Affutage, découpe, traitement chimique, avec dépôts de chrome pour améliorer la solidité de la lame, puis de téflon pour améliorer sa glisse: dans un bocal, les contrôleuses inspectent minutieusement toutes les lames, par lots de 1.200, enfilées en baïonnette, à l'affût de défauts qui les rendraient impropres à la commercialisation.
"On investit beaucoup pour augmenter la productivité et intégrer de nouvelles technologies. Entre 2022 et 2024, on a environ 4 millions d'euros d'investissements sur l'usine", explique Mme Legrand.
- La disponibilité du plastique recyclé -
L'incorporation de matière recyclée, elle, ne nécessite pas d'investissement à proprement parler. Les machines sont les mêmes, seuls les procédés industriels sont à ajuster, selon le groupe.
"Toute la problématique, c'est avoir la quantité suffisante de matière recyclée disponible sur le marché, puisqu'il n'y a pas que Bic qui s'engage dans le développement durable, toutes les entreprises le font", assure la dirigeante, qui indique que le groupe est en pourparlers pour contractualiser avec un fournisseur, dont il tait le nom à ce stade.
Lorsqu'on évoque le fait que, même produits à partir de plastique recyclé, les produits resteront jetables, la gêne est palpable.
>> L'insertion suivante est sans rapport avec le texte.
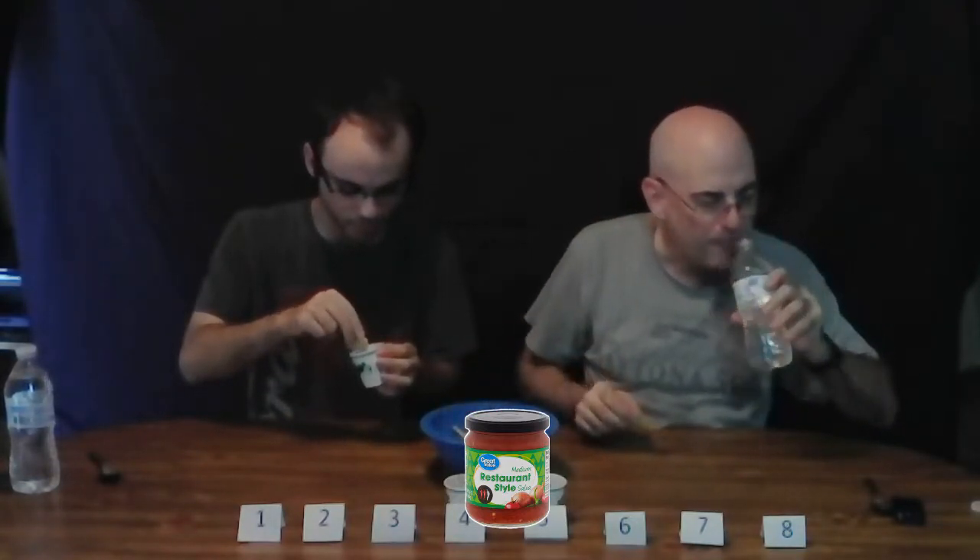Brand C — nothing special going on with the smell... wait, that one's got a spicy, smoky smell to it. Oh yeah, I like smokiness. That's got a really really good taste — I actually like this more than Brand B. Let's move it up. It's got a good smoky flavor, not overwhelming, with a little kick that kind of hangs around. My main thing in sauces is it has to have a little kick, but not too much.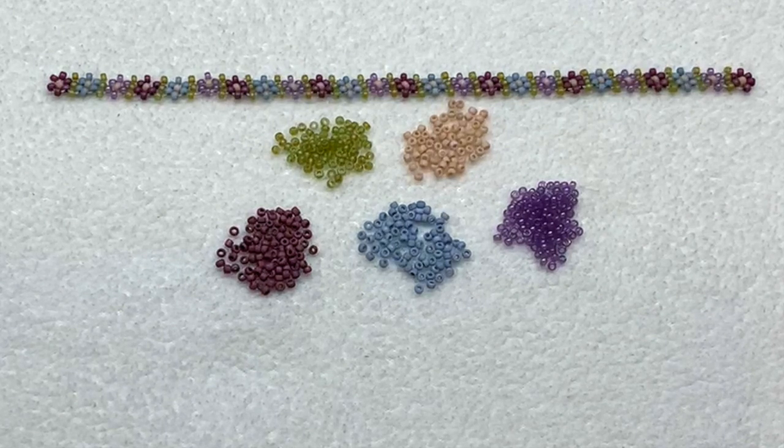Hello everyone and welcome back! I'm Gina from orchidandopal.com and today I'm back with another bead weaving basics tutorial to show you how to make another version of the daisy chain stitch. If you'd like to see version one, I will link that in the corner — that's probably a great place to start. This one is slightly different and includes just a little bit of additional thought.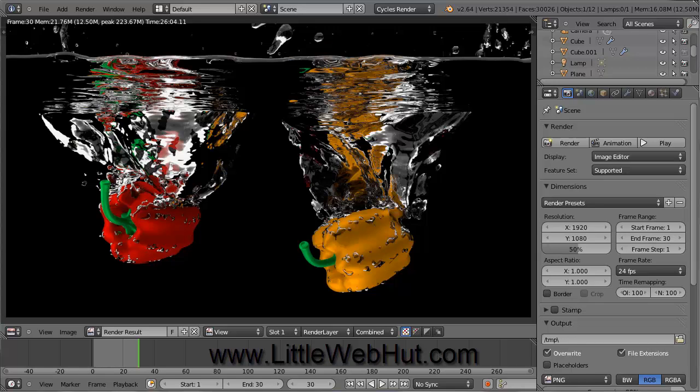This is the first in a two-part video series that demonstrates how to use Blender to make an image where two bell peppers are splashing into a tank of water. In this first video, I'll be showing how to create the bell peppers. In the second video, I'll cover how to make them splash into a tank of water.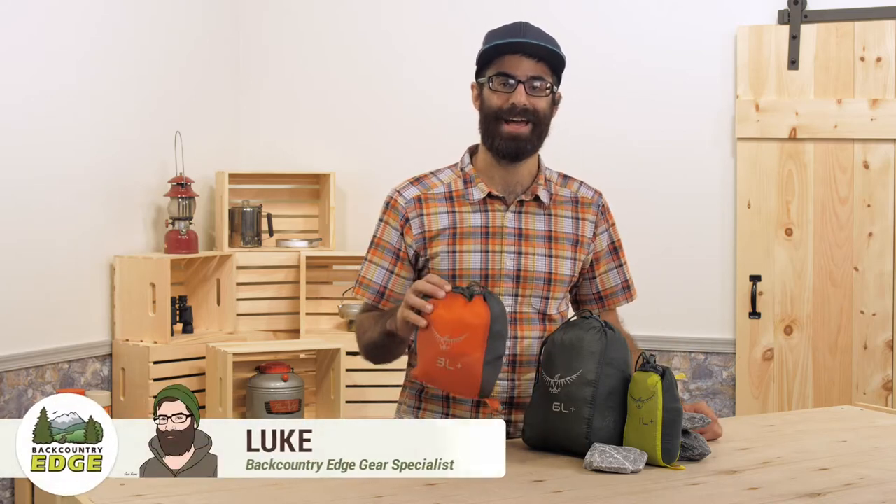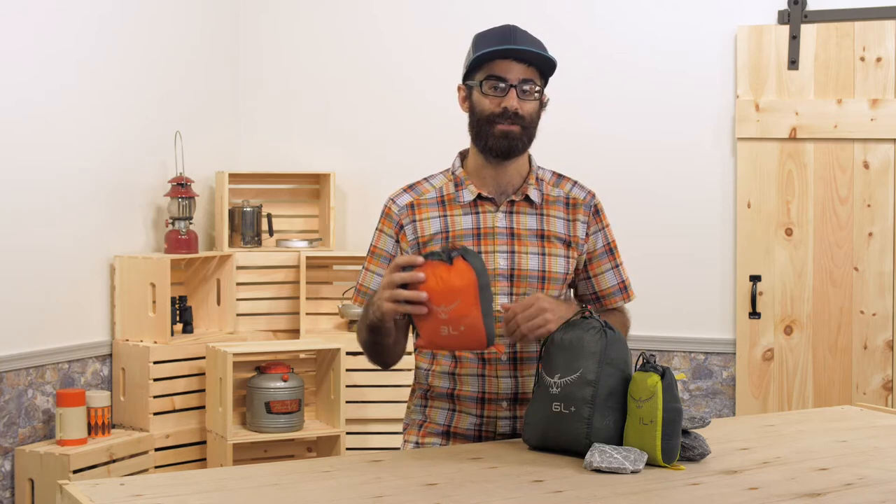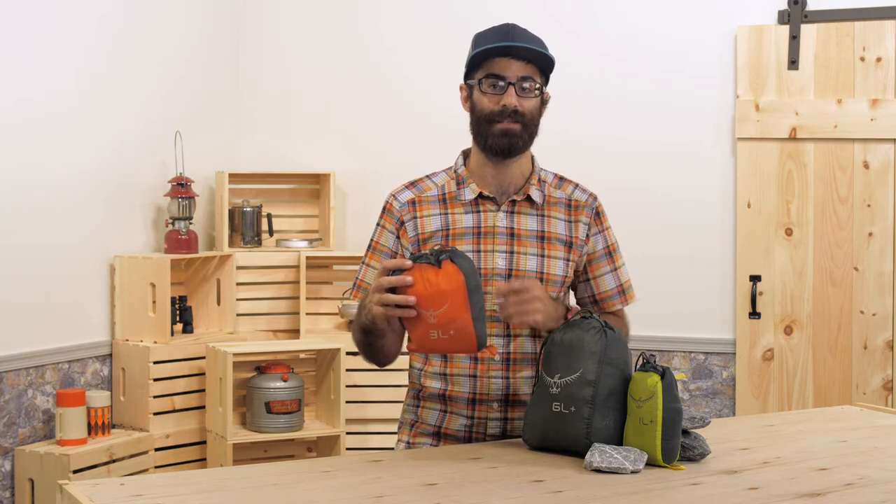This is the Osprey Ultralight Stretch Sack Set. These bags are perfect for packing those oddly shaped items that might not otherwise fit into one of your travel pack cubes or stuff sacks. They are made with ultralight nylon materials and dual side stretch panels so those oddly shaped items will still fit inside.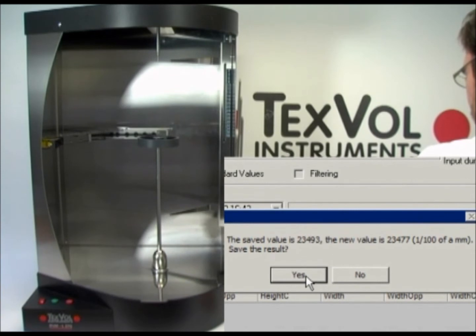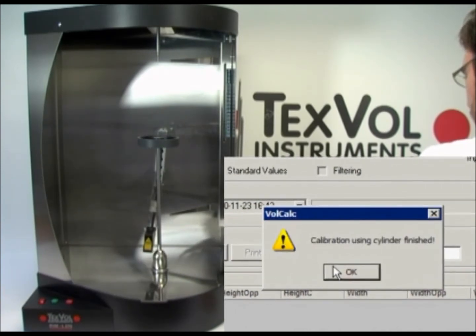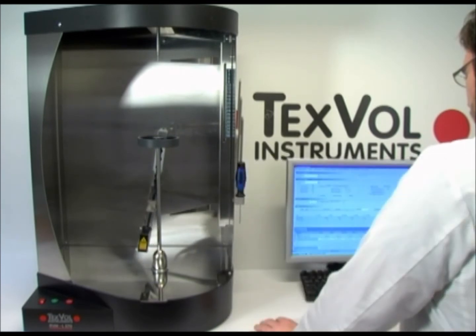Click on OK to accept the calibration results. Click Yes to save the calibration result. It is prudent to do three measurements after each other and to check the result. They should not vary by more than five points from each other.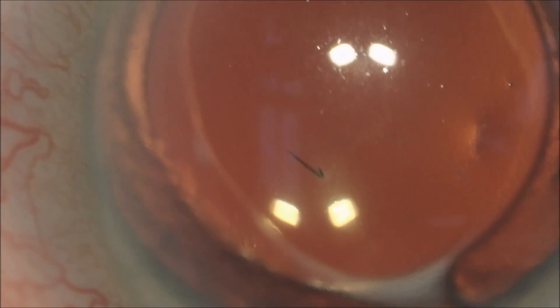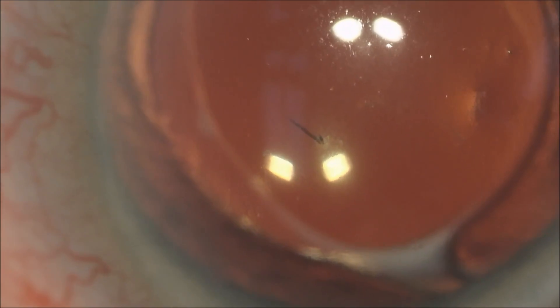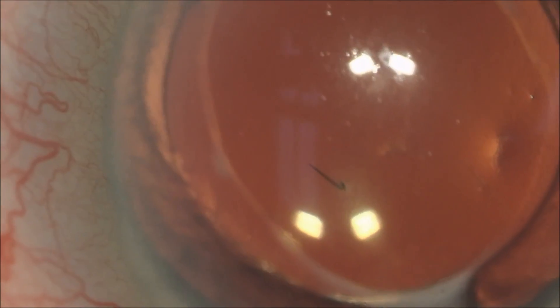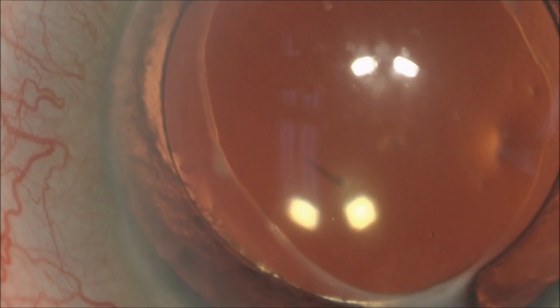As we zoom up further, we can see the barb holding the stinger deep in the patient's cornea, with the spike of the stinger actually entering the front part of the eye. It was impossible to remove this exteriorly from the outside of the eye, secondary to the deepness of the stinger.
"Ce ne sont pas des rasoirs à usage unique", rétorque Mme Legrand: certains consommateurs peuvent "utiliser pendant plusieurs mois le même rasoir". Elle souligne que le groupe, à côté des rasoirs monobloc, produit également des rasoirs rechargeables.
Pour Charlotte Soulary, responsable du plaidoyer de Zero Waste France, cela "reste un produit à usage court": "le rasoir jetable, ce n'est pas un produit qui a de sens d'un point de vue environnemental, même si on essaie de le modifier à la marge", juge-t-elle.
Globalement, la grande majorité des émissions de gaz à effet de serre de Bic sont indirectes, liées notamment à ses approvisionnements en matières premières dont le plastique; ces émissions indirectes ne devraient baisser que de 5% d'ici 2030, par rapport à 2019, selon le plan du groupe.
Selon l'ONG, le prix d'achat devrait intégrer "le coût environnemental" du produit. Si la taxation évolue en ce sens, "ça aura des effets sur le marché, inévitablement", souligne-t-elle.
Car pour l'heure, même en Europe, parmi les régions les plus ambitieuses en matière de développement durable, le rasoir orange et blanc, connu également pour son prix abordable, cartonne, porté par le contexte inflationniste.
"On est à +20% en Europe en chiffre d'affaires, on gagne des parts de marché dans 19 pays sur 20, c'est souvent le cas dans un contexte économique difficile", indique Henri Nicolau, directeur général de Bic pour la France.